Without copying any picture, transcribe exactly the lines of the data below from the one containing "Ciro Gomes candidato" through the one containing "Photo de galerie".

▶ [RECORD SET]

──────

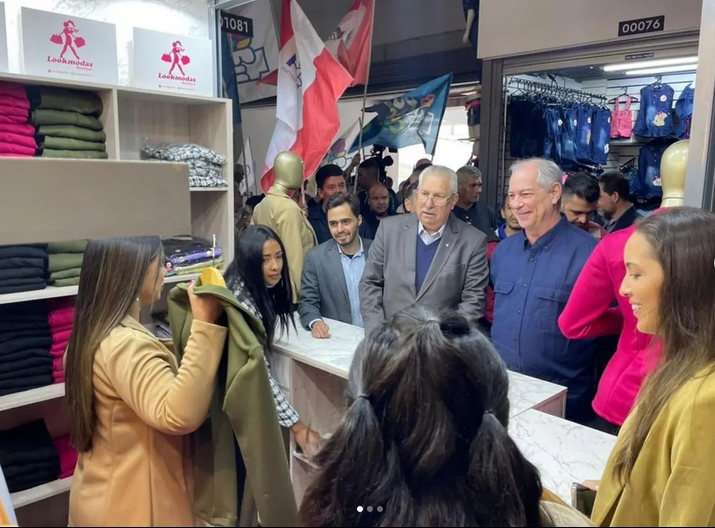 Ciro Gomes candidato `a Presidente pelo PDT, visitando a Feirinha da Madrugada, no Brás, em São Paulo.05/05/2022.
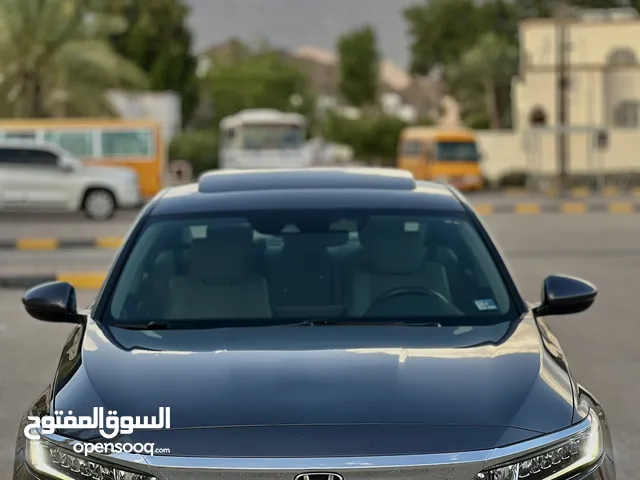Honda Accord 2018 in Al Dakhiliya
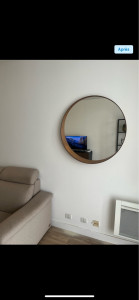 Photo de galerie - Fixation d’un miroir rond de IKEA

──────

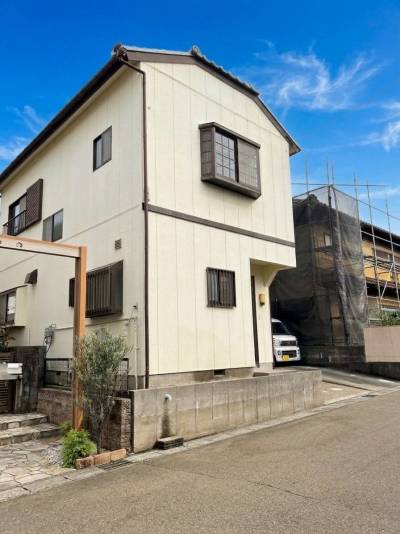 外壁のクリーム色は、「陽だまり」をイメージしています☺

──────

▶ [ANSWER SECTION]
 Ciro Gomes candidato `a Presidente pelo PDT, visitando a Feirinha da Madrugada, no Brás, em São Paulo.05/05/2022.
Honda Accord 2018 in Al Dakhiliya
 Photo de galerie - Fixation d’un miroir rond de IKEA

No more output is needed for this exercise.